Siempre me han gustado los bosques, pero no esos enclaves artificiales, creados por el hombre, que sirven como viveros, especializados en muy pocas especies. El bosque que me resulta alucinante es el bosque autóctono, en el que se dan cita diversas especies arbóreas y con un rico sotobosque.
Algo así ocurre en las familias, en las que se observan diferentes personajes. Las diferencias dentro de la familia son súper importantes, porque aportan diversidad de perspectivas, ayudan al crecimiento personal y fomentan la empatía.
En las relaciones familiares, la empatía se ve reforzada cuando existen diferencias, porque nos obligan a ponernos en el lugar del otro, a entender sus vivencias y sus emociones. Hace años, me llamó la atención uno de mis alumnos en tercero de ESO, bastante inteligente, poco trabajador, y con mucha personalidad. Sus padres, con una situación económica desahogada, habían formado una familia numerosa, con siete hijos, el mayor de ellos era mi alumno. Me sorprendí de la situación, pero mi asombro fue aún mayor cuando su madre me dijo: “Nosotros educamos a todos nuestros hijos como hijos únicos”. Un planteamiento muy atractivo e interesante: cada uno como si fuera hijo único, el que me interesa en ese momento, al que valoro por encima de todo.
Tenemos que esforzarnos por comprender a los demás, para eso no es suficiente con oír sus argumentos, es necesario una escucha empática, ponernos en lugar del otro, pero no para corregir y dar consejos, simplemente para hacernos cargo de sus problemas, sus incertidumbres, sus angustias y sus alegrías. Ponernos en su lugar con todas las consecuencias.

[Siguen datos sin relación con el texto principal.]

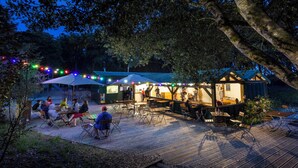 An outdoor dining area with tables and chairs, a covered seating area, and a building with a sign. - Huttopia Oléron les Chênes Verts  (Dolus-d'Oléron)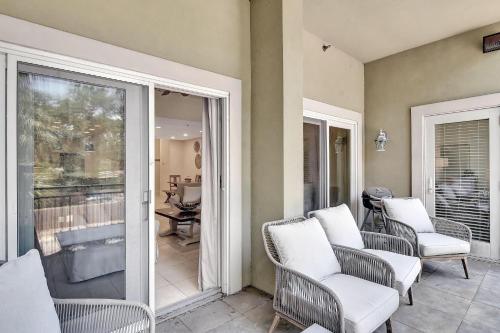 a porch with chairs and a sliding glass door at Salty Breeze in Saint Simons Island
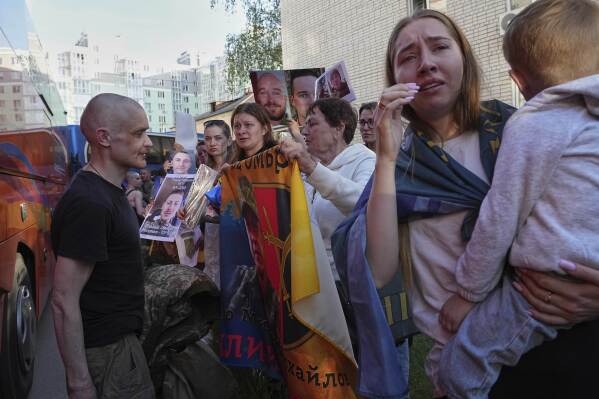 Family members of Ukrainian prisoners hold photos of servicemen in captivity during a POWs exchange between Russia and Ukraine, in Chernyhiv region, Ukraine, Friday, May 23, 2025. (AP Photo/Efrem Lukatsky)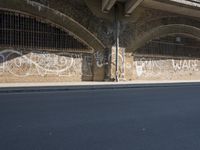 graffiti covered brick wall and gate under an overpass in an urban area with sun light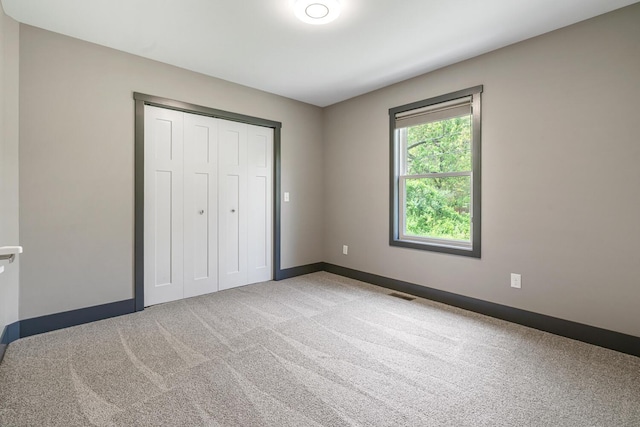 124 S Shore Dr, Portage, MI 49002 - unfurnished bedroom with carpet floors, baseboards, and a closet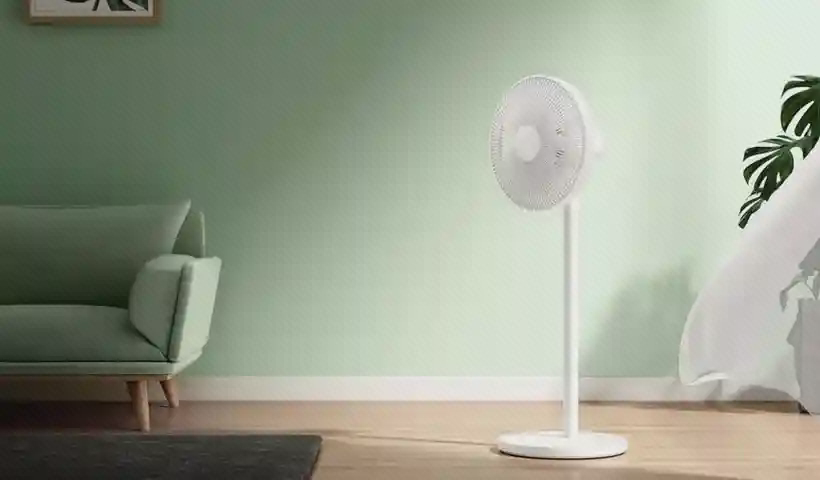 نمای پنکه Mijia Standing Fan 1X در اتاق پنکه سفید میجیا Standing Fan 1X کنار مبل در اتاق با دیوار سبز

Hemos de valorar las diferencias de los demás y tener el coraje de ser nosotros mismos, sin tener miedo a mostrarnos tal como somos, siempre, aunque nos cueste. Benedicto XVI exhortaba a los jóvenes: “No tengáis miedo de ser diferentes y de ser criticados por los que puede parecer perdedor o pasado de moda: vuestros coetáneos y también los adultos, especialmente los alejados del Evangelio, tienen profunda necesidad de ver a alguien que se atreva a vivir de acuerdo con la plenitud de humanidad manifestada por Jesucristo. Entrad en diálogo con todos, pero sed vosotros mismos”. Pienso que esto es perfectamente aplicable para los jóvenes y para todos.
Tenemos que dar gracias a Dios por esa diversidad enriquecedora. Para ello, podemos marcarnos algunos objetivos:
- Ser constructores de puentes: personas que trabajan para conectar y fortalecer la comunicación, el entendimiento y la empatía entre los miembros de la familia. Son los que, muchas veces de modo inadvertido, promueven la armonía, que están allí a la hora de resolver pequeños conflictos, y que apoyan un ambiente de apoyo y confianza.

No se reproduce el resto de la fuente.